T.M. - Não sei se o público mudou ou se mudámos por causa do público.

For-All-The-Round-Suns surge numa altura em que nascem igualmente trabalhos como Slugs ou o duplo Logic On Its Head / Daeh Sti No Cigol. Em que diferem todos estes trabalhos, além do seu formato de edição?

T.M. - O álbum For-All-The-Round-Suns foi produzido pelo Vítor Rua e gravado em estúdio em 2004, o EP Slugs foi gravado numa só sessão sem overdubs em 2005 também como o Logic On Its Head / Daeh Sti No Cigol, que foi gravado numa única sessão mas fortemente editado posteriormente ao ponto de resultar em apenas duas músicas.

Z.M. - O LP é um disco mais conclusivo, os outros mais provenientes...

For-All-The-Round-Suns surge em formato de vinil. Porquê essa escolha? É de alguma forma o reflexo da nostalgia?

Z.M. - O vinil é sagrado.

T.M. - É uma espécie de materialização de um sonho antigo, sim, nascemos na altura do vinil e para nós os três fazer um "disco" significava isso mesmo, um disco de vinil. Também porque no caso de uma outra editora se interessar pelo disco ser natural que opte pelo formato CD.


Este novo disco aparece editado pela Ruby Red Records, um selo criado pelos próprios Loosers. Pretendem editar discos de outras bandas na nova editora?

T.M. - Sim! Se gostarmos da música, qualquer género, qualquer "onda". Se tivermos dinheiro na altura.

Pretendem conciliar a edição de álbuns em CD-R com os discos com o selo de uma editora? Como lidam os Loosers com esta nova liberdade de edição de discos?

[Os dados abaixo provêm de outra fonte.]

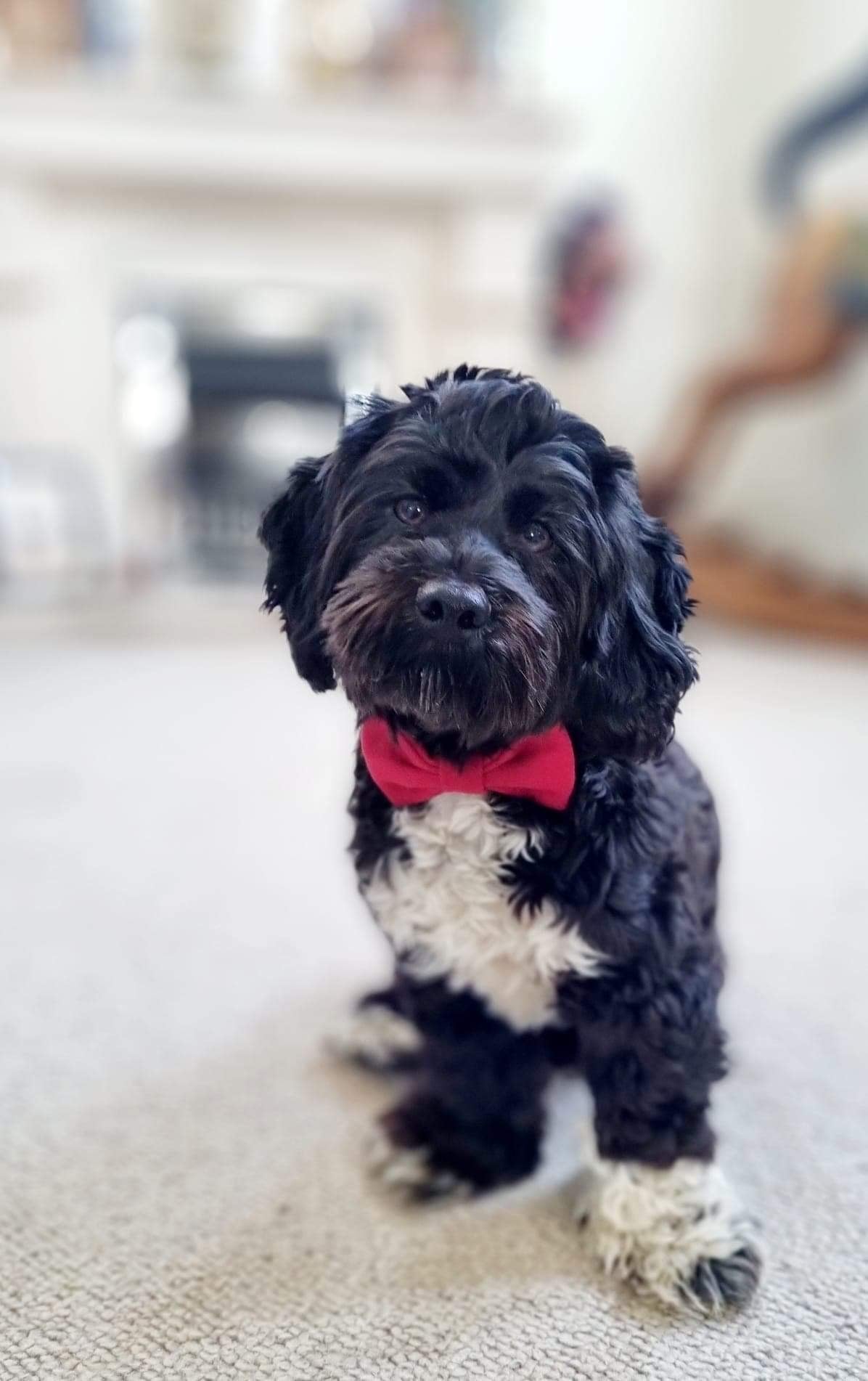 A stylish dog wearing a red bow tie, showcasing the handmade red tweed collar by The Ridleys.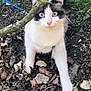 cat, animal, blue_eyes, leash, tree_branch, outdoor, nature, dirt, leaves, curious, pet, feline, whiskers, ground, mammal, young_cat, fur, plant, close_up, walking
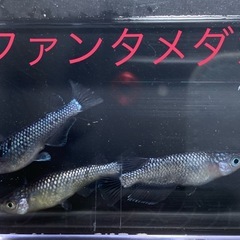 飼育終了　最終個体　ファンタメダカ　めだか　１１匹の画像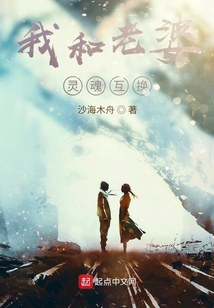 我和老婆灵魂互换的小说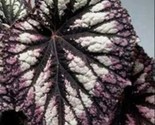 Silver Coleus Flowers Easy To Grow Garden 25 Authentic Seeds - £5.24 GBP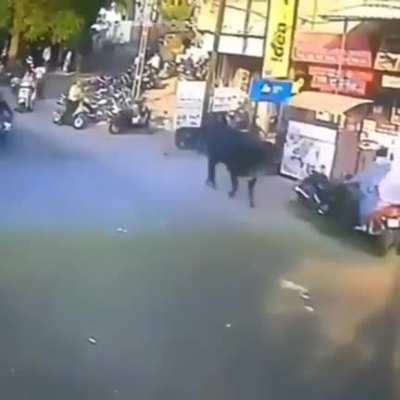 HMFT after my beautiful gainer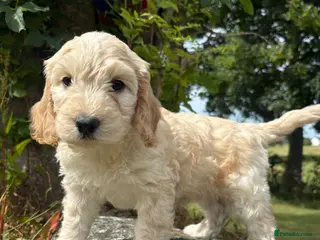 Cockapoo dogs Gorgeous F1 Cockapoos - Advert 14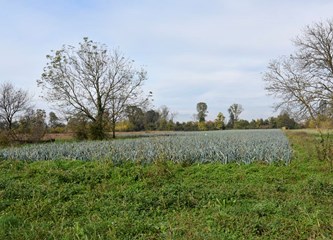 Ne treba im dućan niti birtija: Mirno Bapče čeka svoju prvu kapelicu i sveca zaštitnika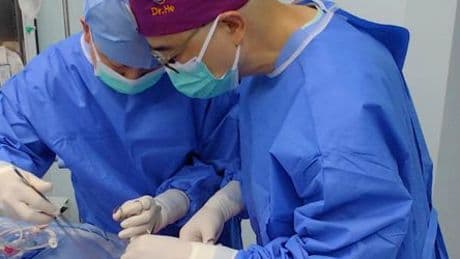 Transplantation in China: Mediziner transplantieren erstmals Schweinelunge in Hirntoten
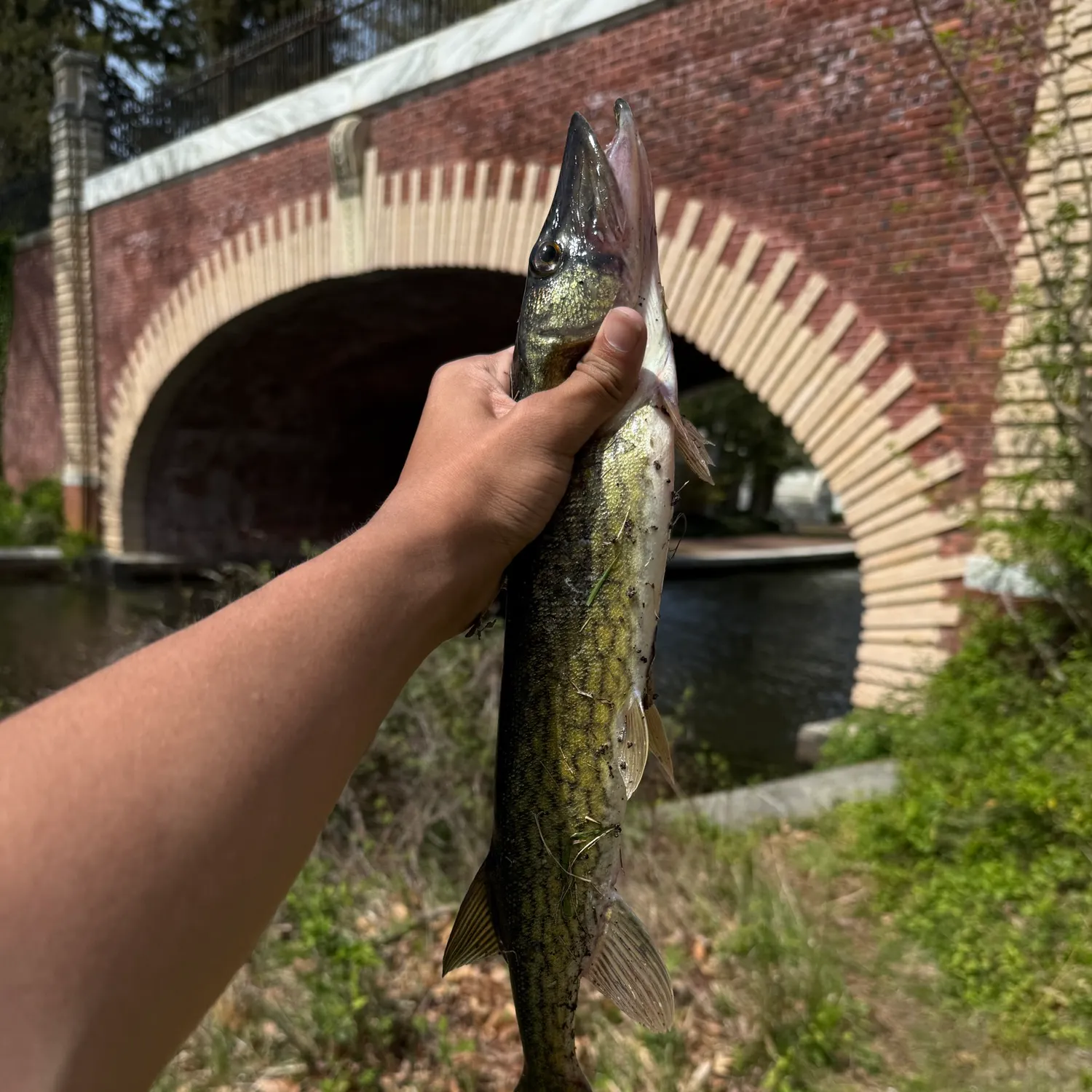 angler catch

T.M. - Esta liberdade está também condicionada pela distribuição dos discos, faremos sempre no formato que pudermos e que acharmos viável do ponto de vista da distribuição. Gostamos de gravar discos, mas discos que toda a gente interessada possa ouvir, ou melhor, a distribuição deverá ser feita para que o maior número de pessoas tenha acesso, ou, melhor ainda, não vamos deixar de gravar músicas mesmo que o dinheiro nos permita fazê-lo apenas só em cassete, tentaremos sempre, isso sim, tentar pôr no maior número de sítios adequados ao formato. Se outras editoras os editarem, pois que se aplique a mesma filosofia. Quanto à escolha dos formatos, filmar em vídeo ou em película também não resulta apenas em mais ou menos dinheiro que se gasta.

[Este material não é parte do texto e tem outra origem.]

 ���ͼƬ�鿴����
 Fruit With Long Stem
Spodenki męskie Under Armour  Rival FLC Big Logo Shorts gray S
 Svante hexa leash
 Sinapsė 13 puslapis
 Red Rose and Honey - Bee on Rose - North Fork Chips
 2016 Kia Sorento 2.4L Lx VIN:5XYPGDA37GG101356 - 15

Que retrato fazem vocês de Lisboa, musicalmente falando? Partilham a ideia de uma comunidade em vez de uma cena propriamente dita?

T.M. - Pessoalmente acho que falta muita coisa em Lisboa, musicalmente falando. Temos chineses, russos, indianos, etc., mas não existe música das suas regiões, temos alguma música africana (maravilhosa na sua essência) mas que morre pela periferia.
Quanto a cena ou comunidade, existe um grupo de bandas com tipos de música radicalmente distintos ligadas apenas por um dos sítios onde costumam tocar.

Sentem-se de alguma forma como os cabecilhas de toda esta nova vaga de bandas que tem surgido em Portugal a um nível mais, digamos, underground (seja lá o que isso for)?

T.M. - Não!

Como foi a experiência de tocar em locais como Belfast, Glasgow, Manchester, Hong Kong e Macau? Pretendem repetir uma digressão do género, pelo estrangeiro?

T.M. - Foi óptimo, principalmente a surrealidade dos concertos no Oriente. Adorava repetir agora, saberia o que fazer... onde ir... passear pelos sítios a que não fui.

Z.M. - Em Belfast tocámos num bar cuja cave estava recheada de armas do IRA.

O artwork dos discos nasce no seio da banda ou confiam no trabalho de outros? A atitude DIY é consciente nos Loosers a todos os níveis?

T.M. - As capas dos discos eram feitas inicialmente pela banda, só os dois penúltimos foram confiados a artistas de quem gostamos (CD-R iiii, Jelle Crama; LP For-All-The-Round-Suns, Tetsunori Tawaraya). Estava na altura de sermos surpreendidos com alguma coisa no processo, algo de fora inerente às nossas forças. Tentamos nunca encaminhar os artistas para o que a nossa sensibilidade no assunto entende por mais correcto. Gostamos do julgamento final do próprio artista (a trabalhar para nós em último caso) e que se reflecte na obra.

Concordam se disser que a música dos Loosers tem qualquer coisa de ritual, de cerimónia ou culto?

T.M. - Nem por isso. Aliás, na nossa religião não há nada de ritual ou cerimonial sem o sacrifício de um ou mais animais.

Z.M. - Quando a música nos agrada deixamo-nos levar no "culto" da música em si, naturalmente.